==== Dataset records
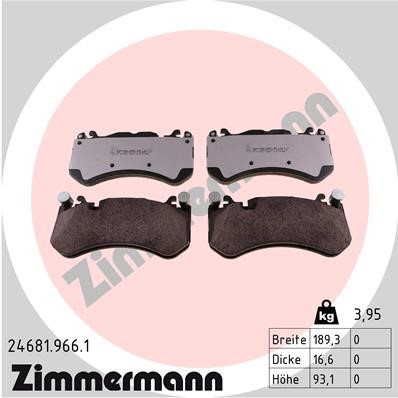 Bromsbeläggsats, Framaxel Zimmermann Rd:z 24681.966.1 ZIMMERMANN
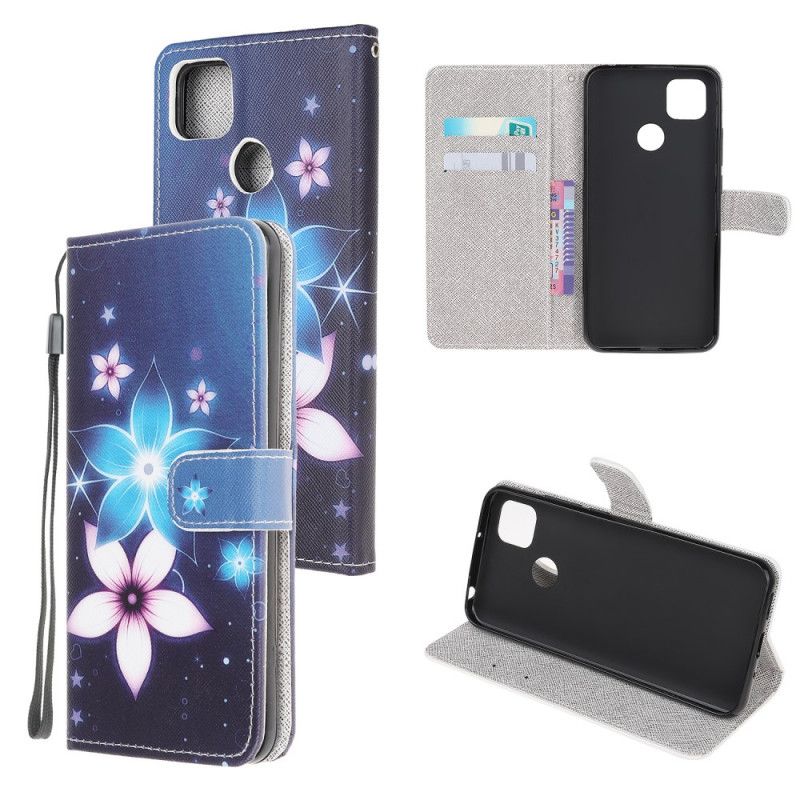 Leren Hoesje voor Xiaomi Redmi 9C Maanbloemen Met String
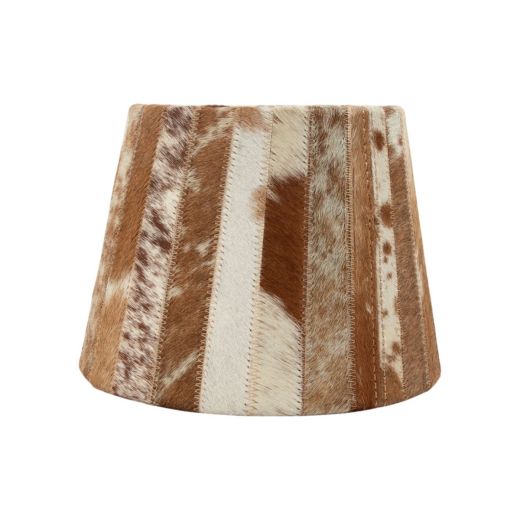 Lampshade cow skin patchwork brown/white 20cm (bos taurus taurus)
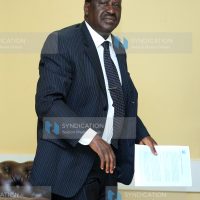 Opposition chief Raila Odinga during an interview at his office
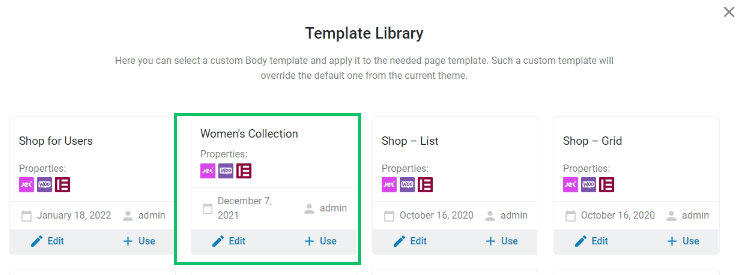 WooCommerce shop template for the category in the template library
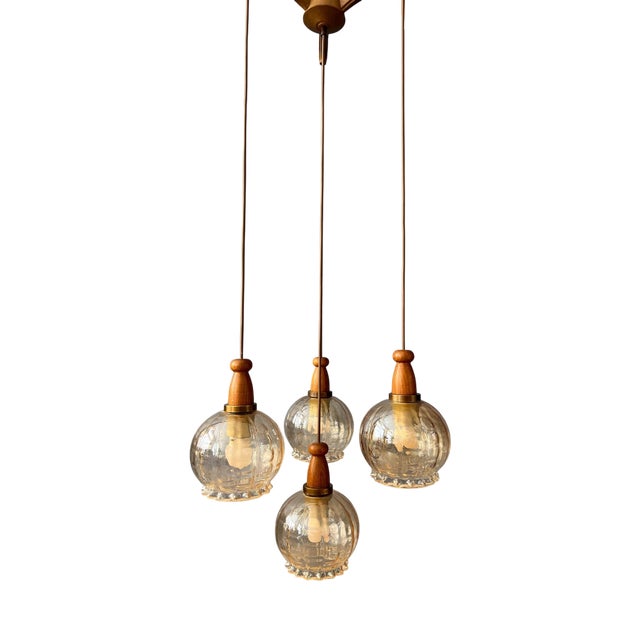 Vintge Glass Cascade Pendant Lamp from Hustadt Leuchten For Sale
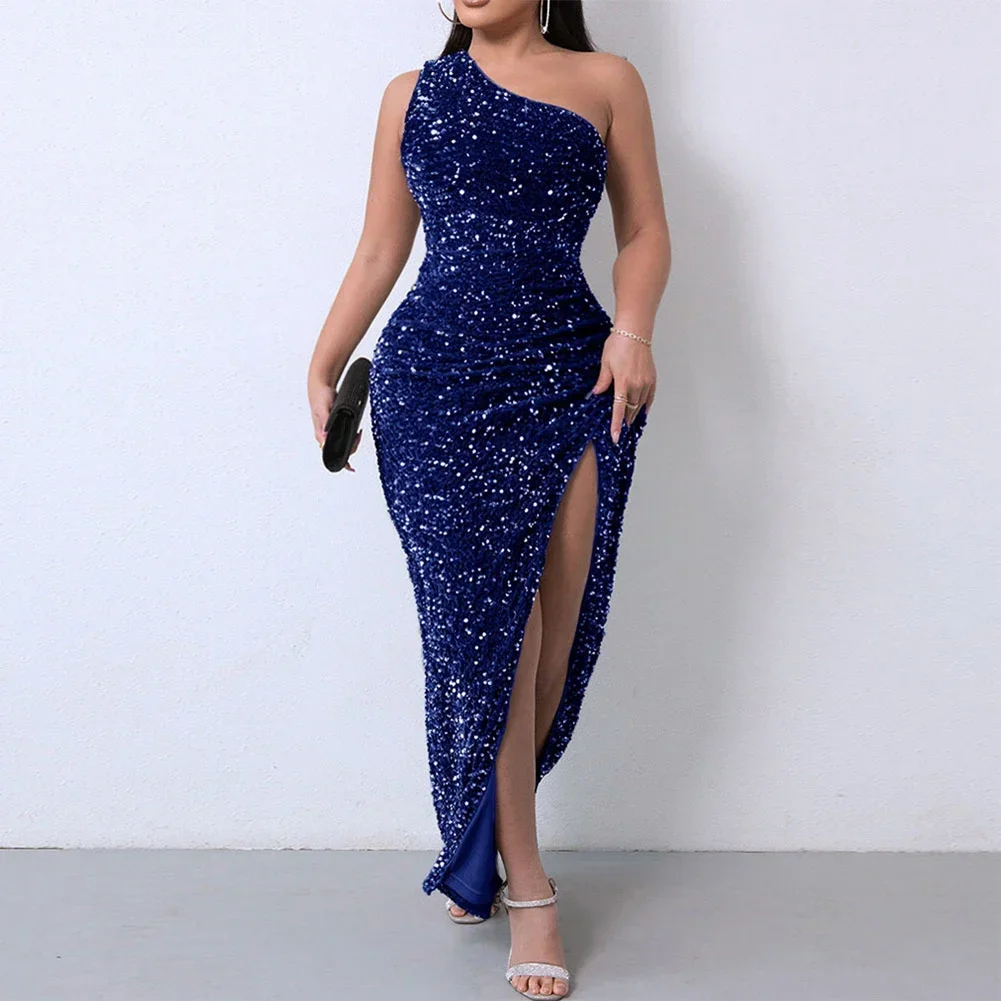 Single Shoulder Velvet Bodycon Women'S Dress Glitter Slim Sequin Female Elegant Formal Dresses Party Evening Prom Gala Vestidos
========
- **Problem to work on**
Copy out all the data above exactly, pictures excluded.

- **Task response**
 Bromsbeläggsats, Framaxel Zimmermann Rd:z 24681.966.1 ZIMMERMANN
 Leren Hoesje voor Xiaomi Redmi 9C Maanbloemen Met String
 Lampshade cow skin patchwork brown/white 20cm (bos taurus taurus)
 Opposition chief Raila Odinga during an interview at his office
 WooCommerce shop template for the category in the template library
 Vintge Glass Cascade Pendant Lamp from Hustadt Leuchten For Sale
 Single Shoulder Velvet Bodycon Women'S Dress Glitter Slim Sequin Female Elegant Formal Dresses Party Evening Prom Gala Vestidos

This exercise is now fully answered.